Page 1 of 1

Generators An Introduction

#1 scalt  Icon User is offline

  • D.I.C Regular
  • member icon

Reputation: 63
  • View blog
  • Posts: 342
  • Joined: 22-November 07

Posted 02 November 2010 - 05:52 PM

Iteration over a group of values – be it a ‘list’, ’dictionary’, string, file, etc – is a fairly standard procedure in pretty much any programming language. This is particularly true of Python where ‘for’ loops are built on the concept of a ‘for each element in list’ style of loop rather than the traditional
 for(i = 0; i < 10; i++) 


Now imagine that instead of having to generate an entire list then iterate over it, you could just generate it on-the-fly as you iterate over it. This is what a ‘generator’ does. What does a generator look like, you say?
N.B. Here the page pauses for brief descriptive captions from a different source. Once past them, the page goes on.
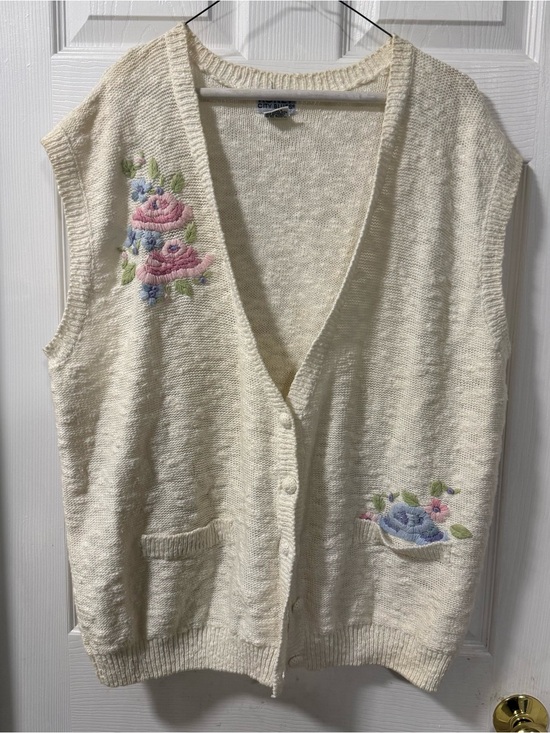 Koret Sweaters - Koret Cream Knit Cardigan Vest with Pink & Blue Floral Embroidery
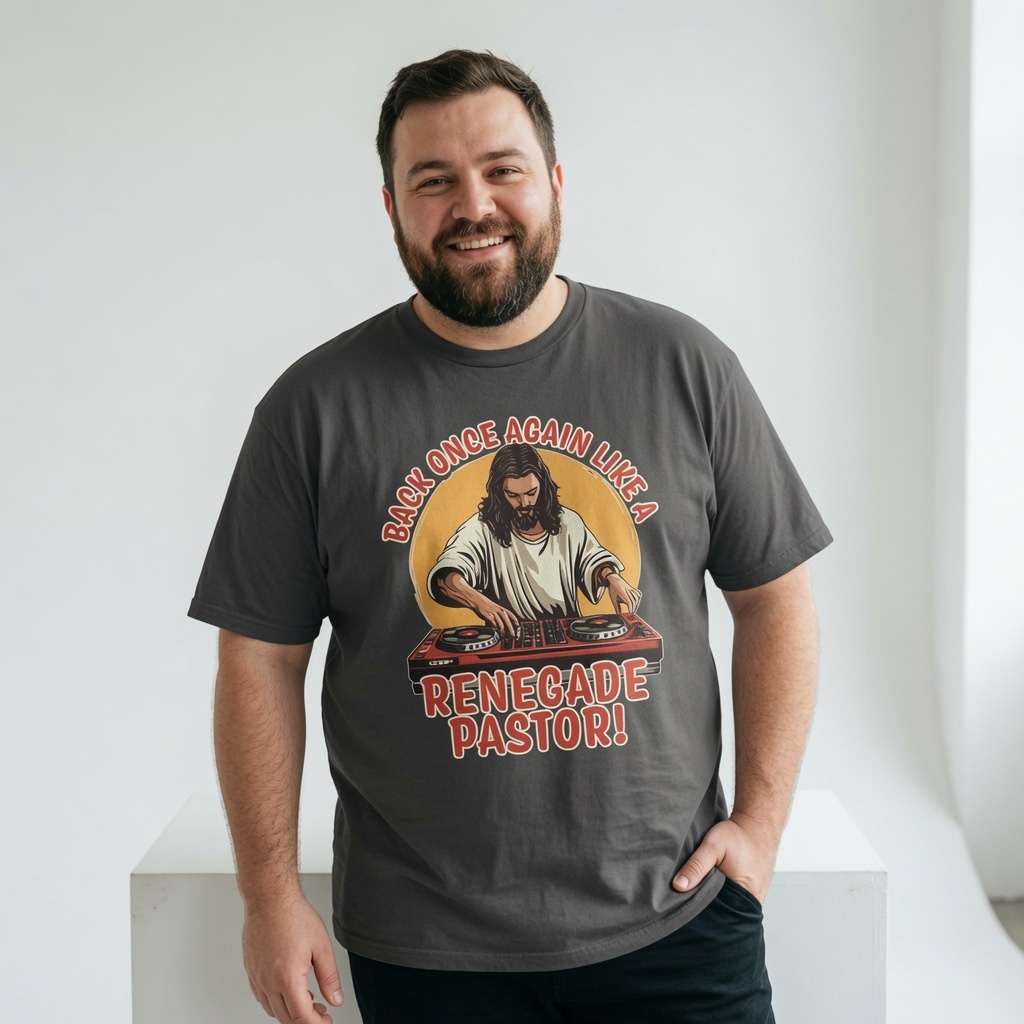 Bearded man smiling with hands in pockets in a dark grey Back Once Again Like a Renegade Pastor! t-shirt, funny and witty mens Jesus-inspired graphic full of pure energy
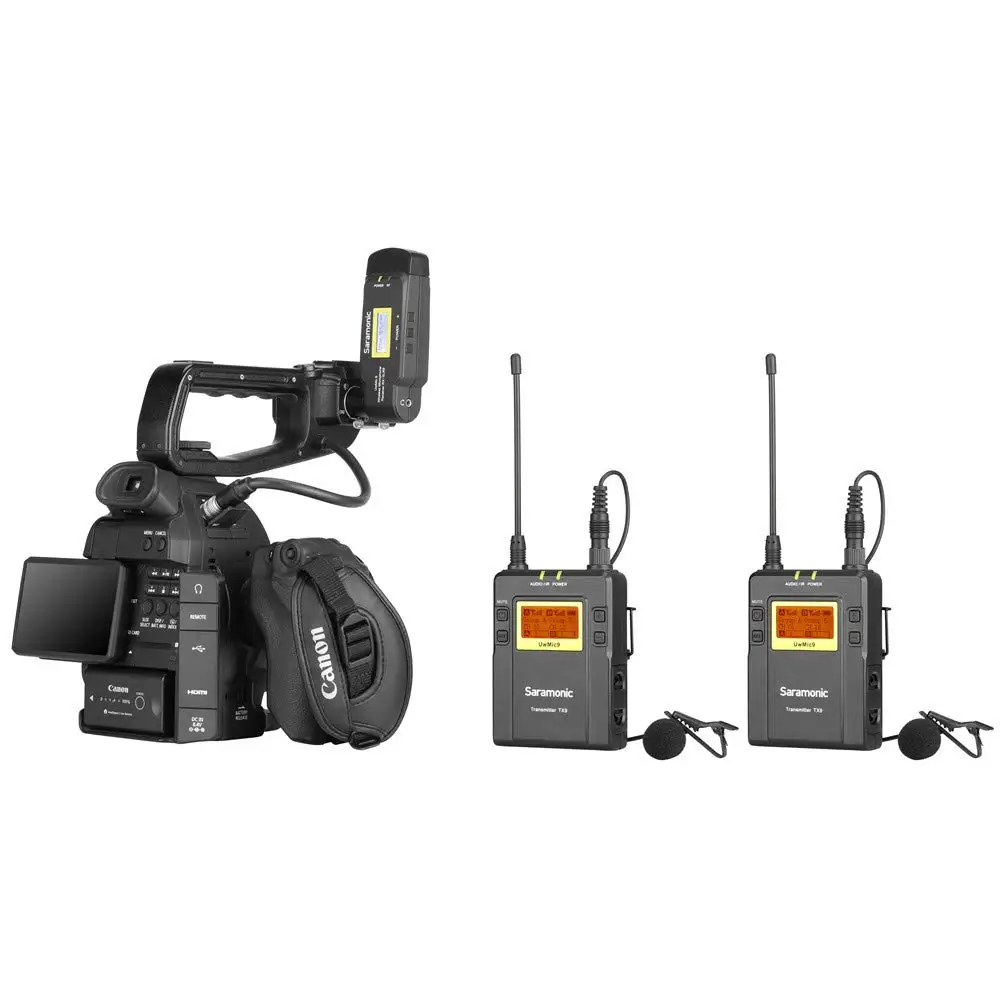 Saramonic UwMic9 TX9+RX-XLR9 Wireless Lavalier Microphone with Transmitter &amp XLR Battery Grip Receiver for Camera Camcorder |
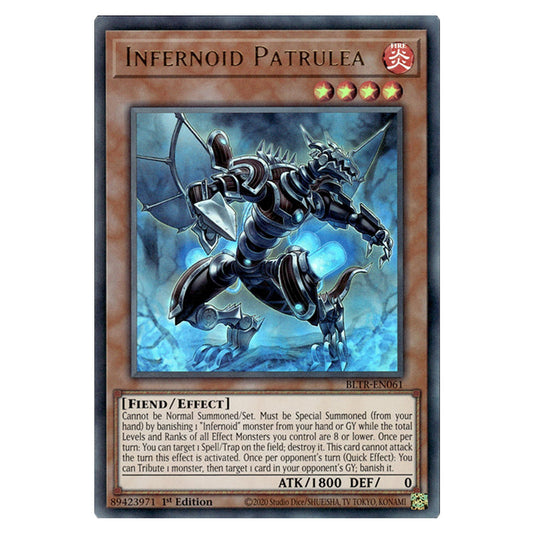 Infernoid Patrulea BLTR-EN061 card from the Yu-Gi-Oh! set Battles of Legend: Terminal Revenge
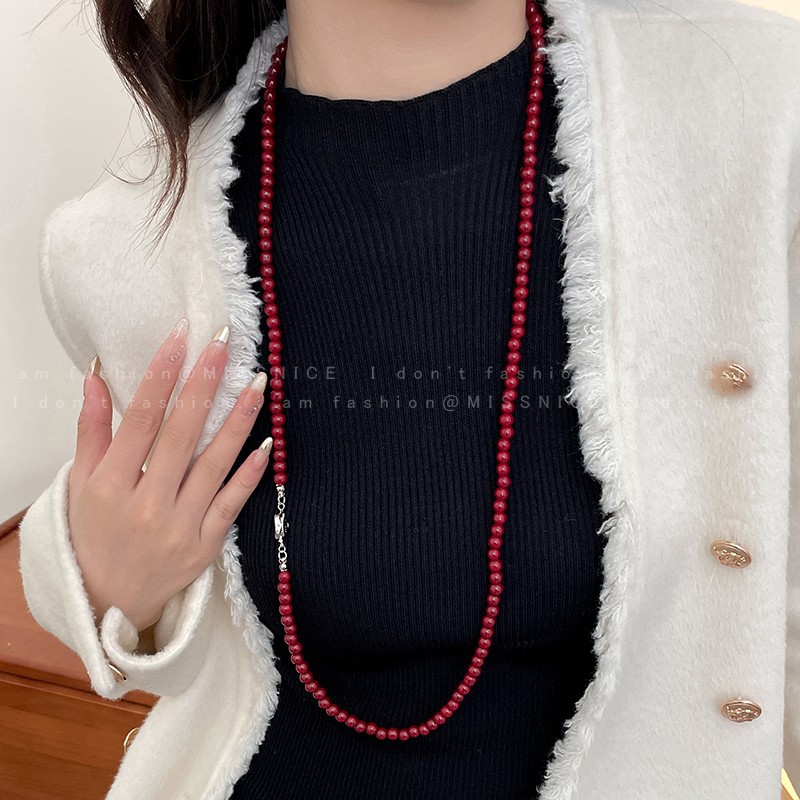 Burgundy Pearl Beaded Necklace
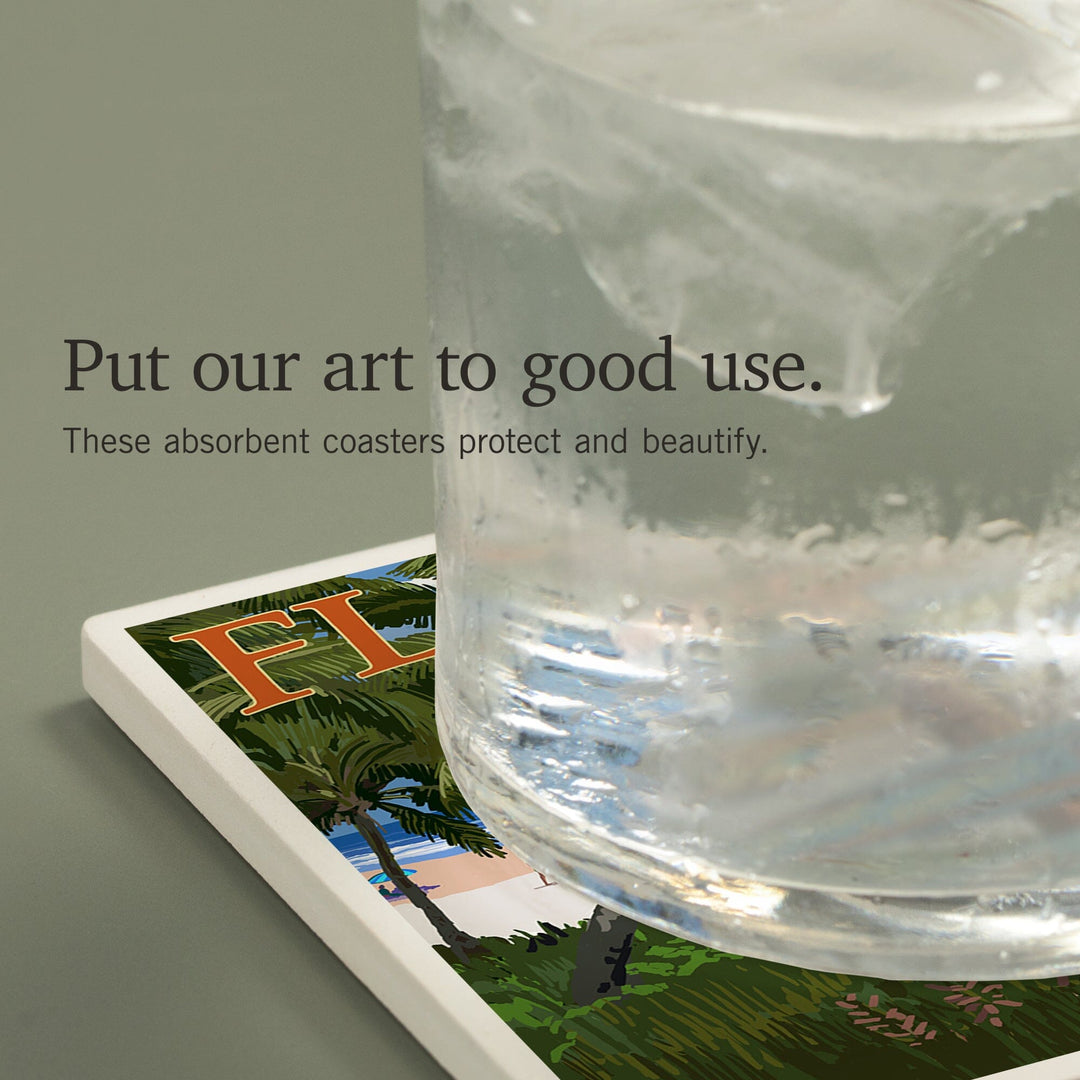 Marco Island, Florida, Destinations Sign, Coasters Coasters Lantern Press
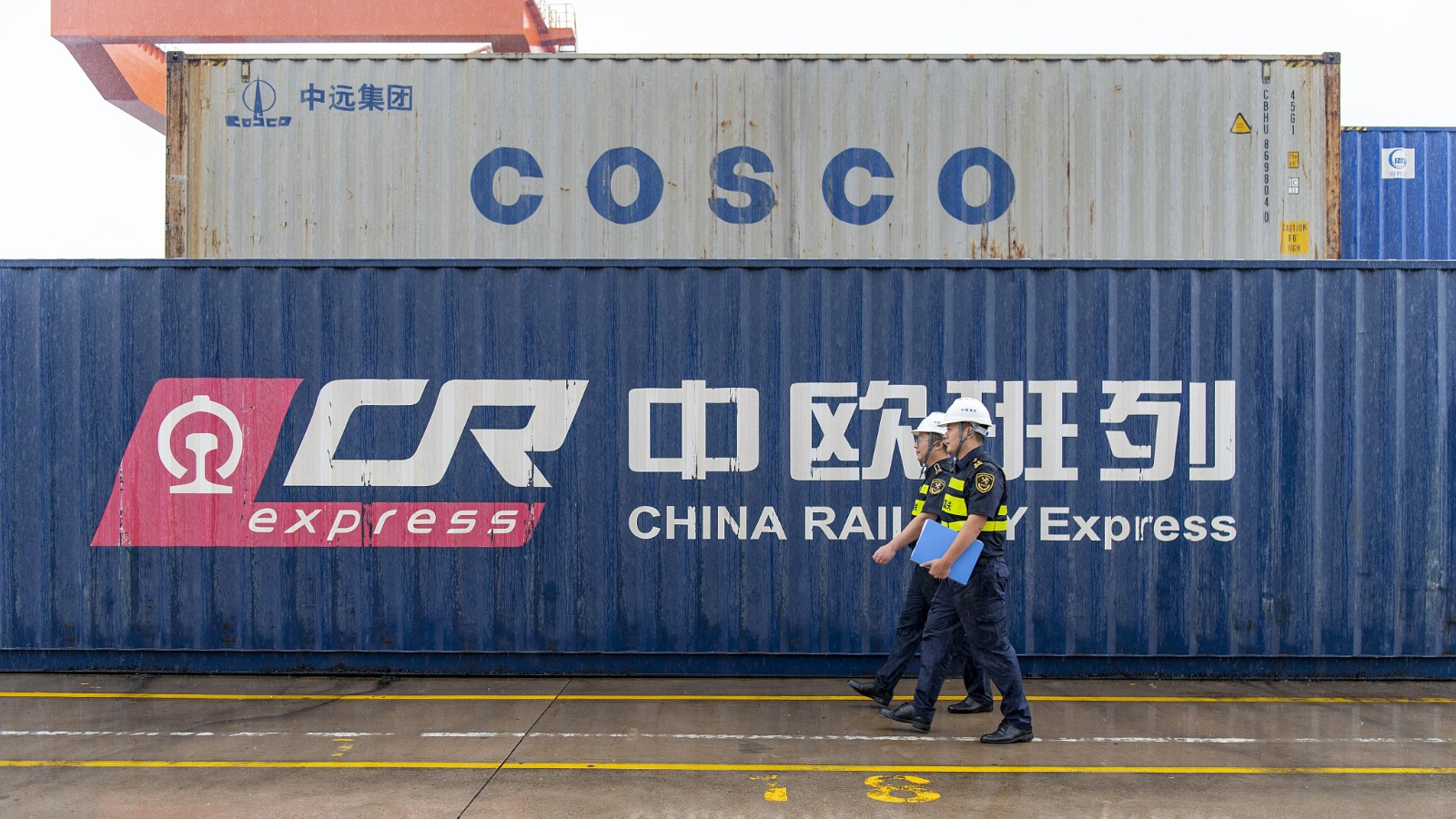 Customs officers check the China-Europe freight train containers in Jinhua, east China's Zhejiang Province, June 5, 2024. /CFP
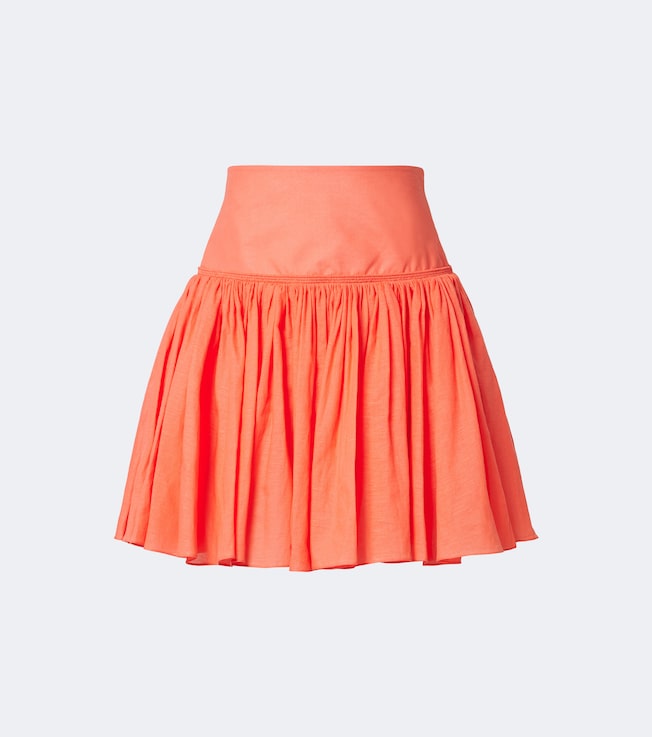 Gathered cotton and linen miniskirt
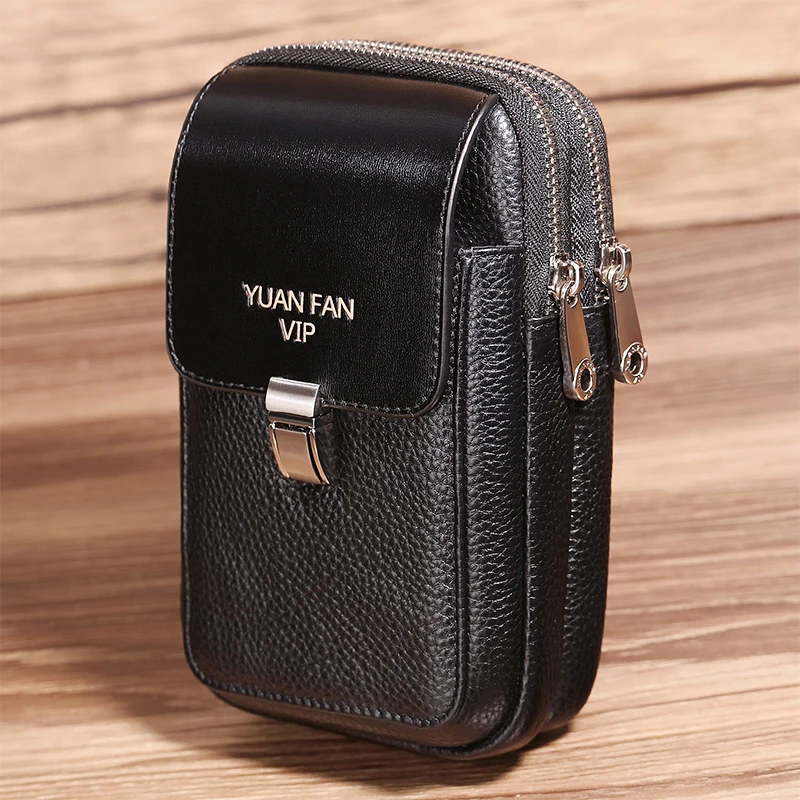 Вертикальная поясная сумка из натуральной кожи для мужчин кошелек телефона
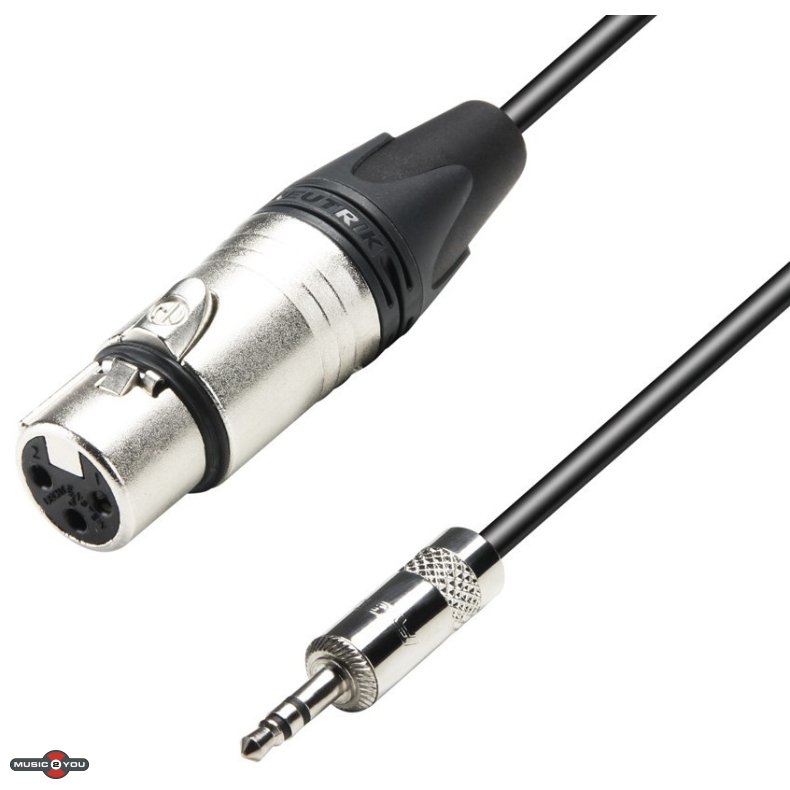 AH Mikrofon kabel med Neutrik 3pol XLR Hun - Minijack 3,5mm Stereo Han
Exhibit A:
def generate_range(lim):
	num = 0
	while num  < lim:
		yield num
		num += 1



called thus:

for i in generate_range(10):
	print i



giving:

	
0
1
2
3
4
5
6
7
8
9



Cool eh? Notice anything fancy about the function? Something to do with the lack of a ‘return’ statement? That’s what the ‘yield’ is for ;) . A ‘yield’ statement performs the same kind of function as a ‘return’, yet it is not terminal.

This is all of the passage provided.